YOUR TASK — From the entries below, output the line with "22 extra long" and each following line up to and including the line with "Pemberly Row Velvet", exactly as written.

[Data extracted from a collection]
======

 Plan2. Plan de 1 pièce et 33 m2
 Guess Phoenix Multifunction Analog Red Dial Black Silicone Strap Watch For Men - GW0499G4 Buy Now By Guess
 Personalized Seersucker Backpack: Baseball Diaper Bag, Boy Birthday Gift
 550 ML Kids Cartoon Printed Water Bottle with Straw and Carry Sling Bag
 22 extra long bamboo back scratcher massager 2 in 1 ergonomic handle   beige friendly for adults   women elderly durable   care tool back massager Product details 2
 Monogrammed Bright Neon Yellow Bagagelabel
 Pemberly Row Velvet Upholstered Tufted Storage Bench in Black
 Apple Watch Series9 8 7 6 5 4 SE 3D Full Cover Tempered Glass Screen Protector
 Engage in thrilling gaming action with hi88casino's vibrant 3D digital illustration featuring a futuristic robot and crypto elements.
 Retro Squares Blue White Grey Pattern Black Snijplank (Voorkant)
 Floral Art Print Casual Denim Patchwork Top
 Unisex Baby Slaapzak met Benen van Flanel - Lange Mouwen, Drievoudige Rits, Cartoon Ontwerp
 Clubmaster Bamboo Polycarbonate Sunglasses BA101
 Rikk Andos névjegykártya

======

COMPLETED TASK —
 22 extra long bamboo back scratcher massager 2 in 1 ergonomic handle   beige friendly for adults   women elderly durable   care tool back massager Product details 2
 Monogrammed Bright Neon Yellow Bagagelabel
 Pemberly Row Velvet Upholstered Tufted Storage Bench in Black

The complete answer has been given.